• [Exercise prompt]
Exactly the lines from the one with "new 2026 Chevrolet" through the final line of the entries, and nothing else, should appear in the answer; no pictures go in it.
◇ ◇ ◇ ◇
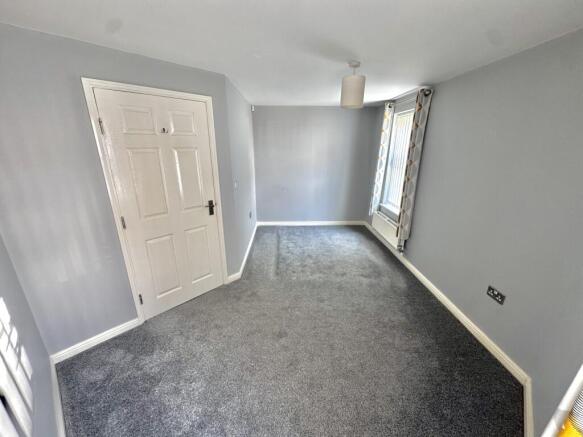 2 bed Ground Flat to rent Image 9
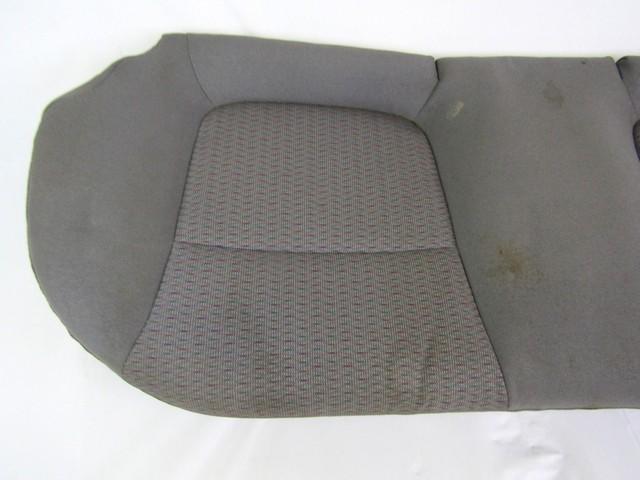 ZADNJE SEDISCE BLAGO OEM N. DIPITKIRIODCMK1RSW5P ORIGINAL REZERVNI DEL KIA RIO MK1 DC (2000 - 2005)BENZINA LETNIK 2001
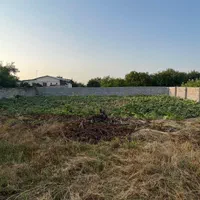 ۶۰۰ متر زمین مسکونی با سند تک برگ و ۲۳۰ متر پروانه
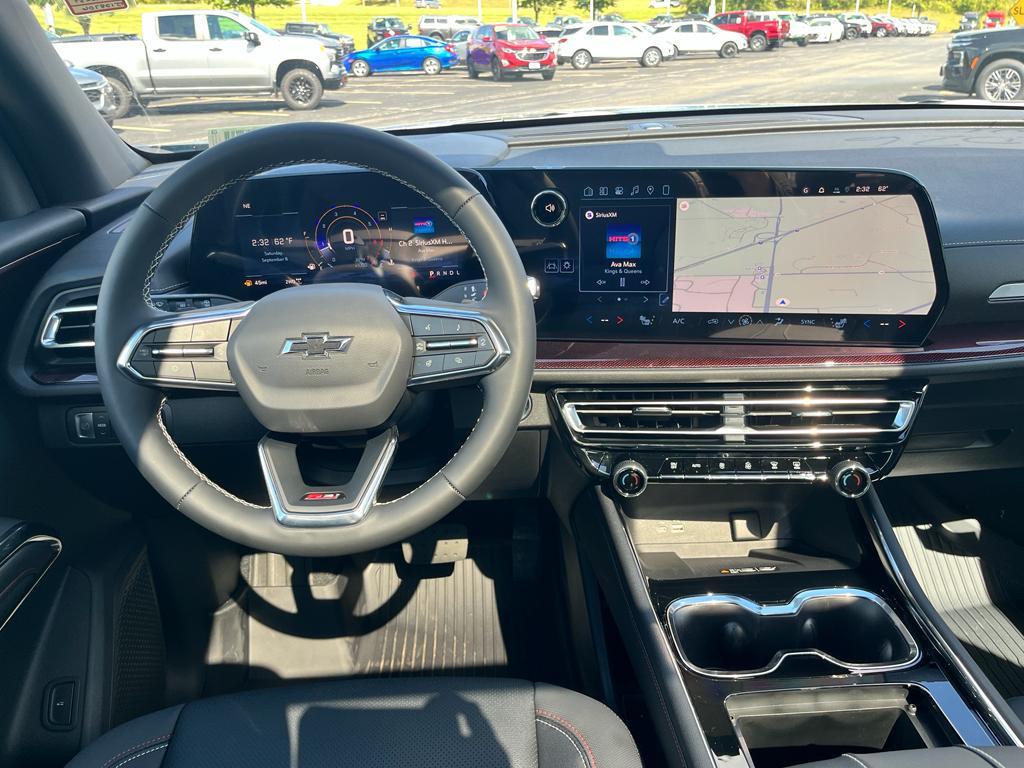 new 2026 Chevrolet Traverse car, priced at $52,840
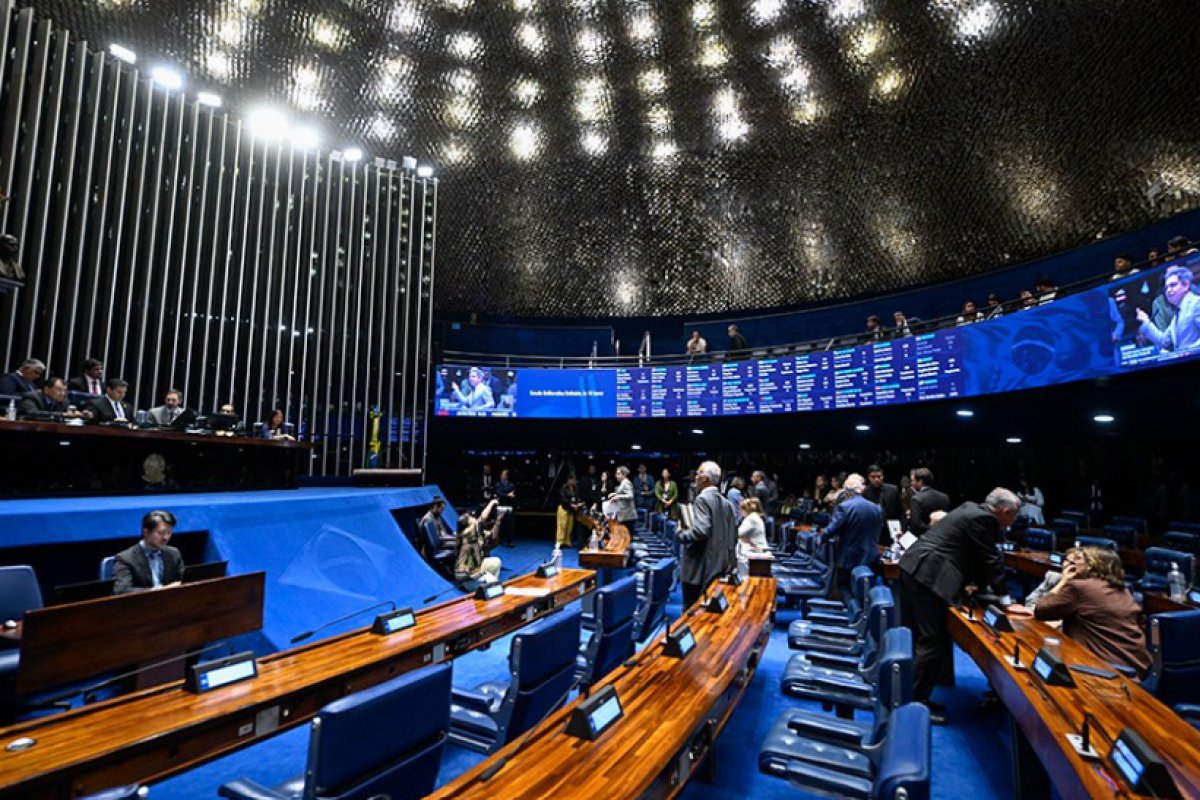 Senado vota projeto que aumenta penas para violência sexual digital contra crianças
◇ ◇ ◇ ◇
• [Written reply]
 new 2026 Chevrolet Traverse car, priced at $52,840
 Senado vota projeto que aumenta penas para violência sexual digital contra crianças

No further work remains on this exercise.